No post, havia apenas dois esboços simples.
Na primeira imagem, Su Yuniang segurava a porta com as duas mãos, cerrando os dentes, enquanto Ning Jiao Jiao puxava com força seus rabos de cavalo na direção oposta, ajudando a debulhar grãos de arroz.
Ambos pareciam estar dando o máximo de si.
Na segunda imagem, os dois estavam agachados na cozinha, descascando as cascas.
Ning Zheng ficou sem palavras.
Então, enquanto ele cultivava, aquela hóspede na verdade ajudava na cozinha desse jeito.
Su Yuniang: “Estudem bem os posts que publiquei sobre como se comportar como um nativo normal.”
“Os ferreiros que amanhã quiserem negociar com os mercadores devem nos avisar, a mim e a Cebolinha Rong — nós ajudaremos na comunicação. Quem não conseguir se controlar, vá se esconder no depósito para conversar, jogar cartas ou fumar.”
Fumar, no caso, era comer um tipo de petisco criado pelo Deus da Culinária.
Cano de fumo feito de barro, assado no forno da forja; o interessante é que, depois de fumar, podia-se comer o cachimbo, disponível nos sabores chocolate e queijo, ambos deliciosos.
Quem experimentava, alegava até ter visto sua avó.
Su Yuniang: “Por fim, ressalto que este jogo pode ter efeitos especiais em ondas cerebrais. Depois que abri meus ‘três botões florais’, me sinto mais disposta, durmo melhor, estou muito bem.”
“Perguntei a outros ferreiros e eles disseram o mesmo, sentem-se mais saudáveis.”
“Minha hipótese inicial é que o jogo realmente faz bem, os livros que lemos aqui são todos da teoria taoísta — iluminação, autoconhecimento, aprender a meditar e respirar — e isso, para quem trabalha sob pressão, resolve o desgaste mental.
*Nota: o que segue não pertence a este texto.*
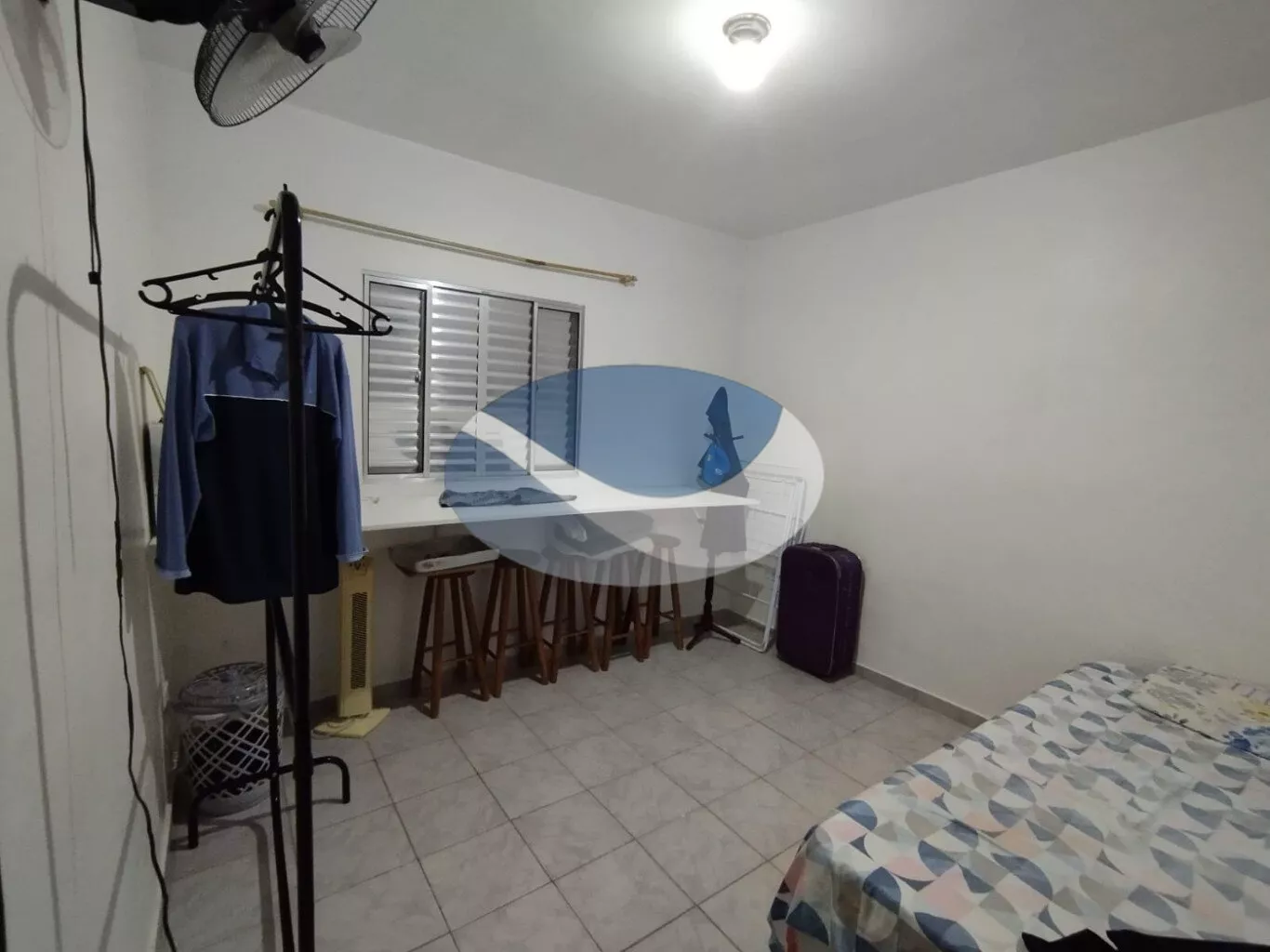 Casa, 2 quartos, 52 m² - Foto 7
É como ter um psicólogo particular.”
“Recomendo que leiam esses livros sobre cultivo, mesmo que não joguem, pois fazem bem ao corpo e à mente.”
Assim terminava o post.
Ning Zheng, observando o fórum, percebeu que eles realmente levavam tudo muito a sério.
...
...
Cidade de Pingchang.
“Enfim, de volta.”
Uma mulher madura, carregando nas costas uma fera felina, caminhava pela rua com um ar feroz e ao mesmo tempo encantador.
Ao longo da via, lojas exibiam inúmeros produtos tentadores.
Estudantes, eruditos de vestes tradicionais e donzelas elegantes de vestidos refinados cruzavam o caminho.
O ambiente exalava o charme de uma antiga vila literária.
Nessa época, tudo era secundário diante do valor da erudição.
Logo, a mulher chegou à tradicional “Forja Florescendo”.
Nesse mundo, abrir as “três flores” significava adentrar o caminho da imortalidade, prosperidade e sorte — por isso, muitos estabelecimentos usavam nomes auspiciosos assim.
Com um baque, a mulher largou a pantera sobre a mesa.
“Vejo que a caçada foi boa”, comentou o ancião responsável pelo local, levantando os olhos.
Ele era claramente um cultivador de alto nível: o rosto jovem e belo, as mãos alvas e delicadas, mas os pés, magros e manchados pela idade.
Em suma, apenas as mãos e o rosto mantinham a juventude.
“Pantera das Três Flores.”
A voz de Zhang Huaping era fria: “Só o coração foi perfurado, o restante está intacto.”
O ancião sorriu, abriu o ferimento e examinou com atenção.
“Excelente, apenas o coração foi danificado. Trinta moedas de lei, e por minha conta, mais três — volte aqui da próxima vez.”
Ela assentiu, satisfeita com o valor.
Passou mais de uma semana emboscando a presa até conseguir, e essas trinta moedas quase igualavam metade do rendimento mensal de caça.
Zhang Huaping contou as moedas, confirmou que eram trinta e três, e as guardou com cuidado, planejando buscar a filha na escola particular.
“Espere”, chamou o velho, “tenho um serviço para você. Aceita?”
“Que tipo de serviço?”, perguntou Zhang Huaping.
“Ir à Mansão da Forja Demoníaca.”
O ancião soltou um suspiro: “O diretor geral me enviou uma mensagem, parece que lá já se acumulou um novo lote de armas embrionárias.”